La formation proposée par l’ENS n’est pas un exemple isolé. Dès 2017, l’UNESCO organisait au Zimbabwe une formation pour les dirigeants de centres de formation afin de leur permettre d’adapter leurs méthodes aux objectifs de développement et aux enjeux contemporains. L’un des modules intitulé “Transition to green economies and digital societies” appuyait le besoin de les adapter aux impératifs environnementaux, sociaux, économiques et politiques et à verdir le secteur de l’enseignement pour qu’il réponde aux préoccupations croissantes liées aux bouleversements climatiques et numériques[7]. Cette coopération entre une institution internationale et des dirigeants de centres éducatifs soulignait déjà la volonté de rendre la formation utile au bon développement socio-économique.
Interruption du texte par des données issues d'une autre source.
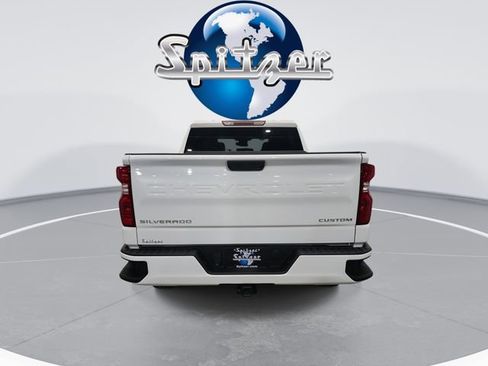 New 2026 Chevrolet Silverado 1500 Custom w/ LPO, Dark Essentials Package image 8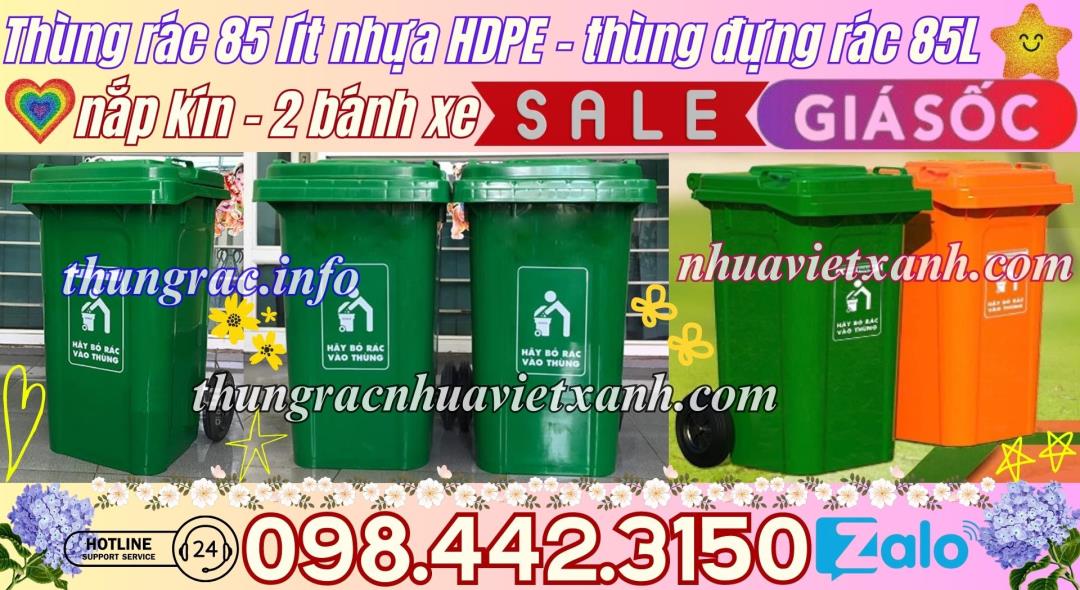 Thùng rác Việt Xanh – thùng rác công nghiệp, thùng nhựa, khay nhựa, nhựa công nghiệp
Cependant, en dépit des efforts menés pour transformer la forme et le fond des systèmes de formation africains, le défi premier demeure celui de l’absorption de la demande par les centres. C’est d’ailleurs ce pour quoi l’UNESCO a organisé en février 2023 une réunion avec ses partenaires afin de définir un plan d’action ayant pour objectif l’accès de 10 millions d’apprenants à la formation d’ici 2029. Ce plan, tourné à la fois vers l’inclusion et la demande du marché du travail, témoigne du double défi quantitatif et qualitatif que pose la formation en Afrique.[8]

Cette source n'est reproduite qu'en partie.